Several Harvard faculty members spoke out against Kane’s blog posts, which were reviewed by the Department of Government alongside students’ complaints last week. Government department chair Jeffry Frieden, who had previously reprimanded the course’s teaching staff for urging students to boycott Kane’s lectures, apologized on Friday for the “pain and hurt” the controversy had caused for members of the University community. Frieden alerted Government 50 students last week that Professor Kosuke Imai would take over as the official head of the course, noting that Kane’s lectures would be optional.
Kane provoked controversy at Harvard two weeks ago by inviting The Bell Curve author Charles Murray, who has been widely decried as a racist, to speak as part of a Government 50 lecture series. Kane has taught at Harvard since 2018. Before that, he taught Winter Study courses on finance at Williams in 2009, 2010 and 2015.
Jim Reische, Williams’ chief communications officer, made clear that EphBlog has no affiliation with the College and said Kane is treated no differently from any other alum in his interactions with the administration. When Kane has asked for privileged or confidential data relating to students, often in aggregate form — which Reische said happens periodically — he has been turned down.
Reische said his office has fielded requests and inquiries from Kane countless times since EphBlog was founded. He said he personally does not view the blog favorably. “I have devoted a lot of time over my years at Williams to trying to either prevent or mitigate the harm that I think that blog has done to people at this institution,” Reische said.
Kane has allowed other contributors to EphBlog to make numerous bigoted and hateful posts in recent years. The site has played host to dozens of posts by John Drew, who taught at the College from 1986 to 1989 and whose posts on the site are especially vitriolic toward members of the College community, whom he often names in full.
Drew’s posts about current students have included pictures of them without their consent. He made several racist and transphobic comments on EphBlog in February 2019; like “Field,” he defended Identity Evropa and compared the group to Black Lives Matter in multiple posts that month. Pushback from other users against Drew’s posts led him to leave EphBlog in July 2019, despite attempts from Field to defend Drew’s contributions.
Former editor-in-chief of the Record Nicholas Goldrosen ’20 said it was not unusual for his name to show up on EphBlog because of articles he wrote for the Record. “My time on the Record taught me that there is a whole cottage industry for right-wing grievances about higher education,” Goldrosen said. “EphBlog fell into exactly this model: people who complain that academia is hypersensitive, yet themselves take umbrage with everything that occurs at a College they were last affiliated with years before. These sources often rely on reports from campus newspapers; hence, many Record articles (including ones I wrote) cropped up on EphBlog, and that brought me to the site with some frequency.”

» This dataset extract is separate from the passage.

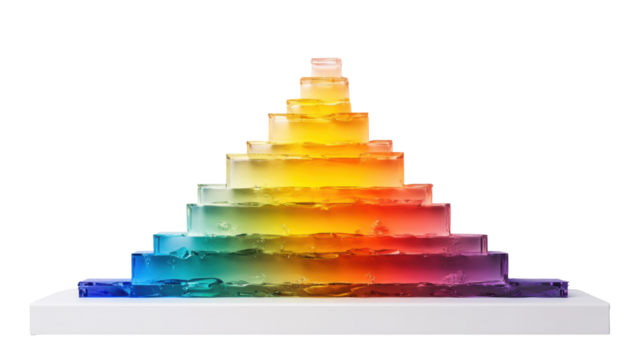 Rainbow Glass Stairs on Transparent Background - Powered by Adobe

Goldrosen agreed with Reische that the site does more harm than good for the College community. “I found EphBlog to be offensive, mean-spirited, and acerbic,” he said. “The discussions on the site made Williams no better of a college — indeed, I would wager the blog made many feel less welcome on campus. Good riddance.”
Arrington Luck and Kevin Yang, Executive Editors, contributed reporting for this article.
This article was updated at 11:07 a.m. on Oct. 7 to include more details on the circumstances surrounding Moore’s departure from the College.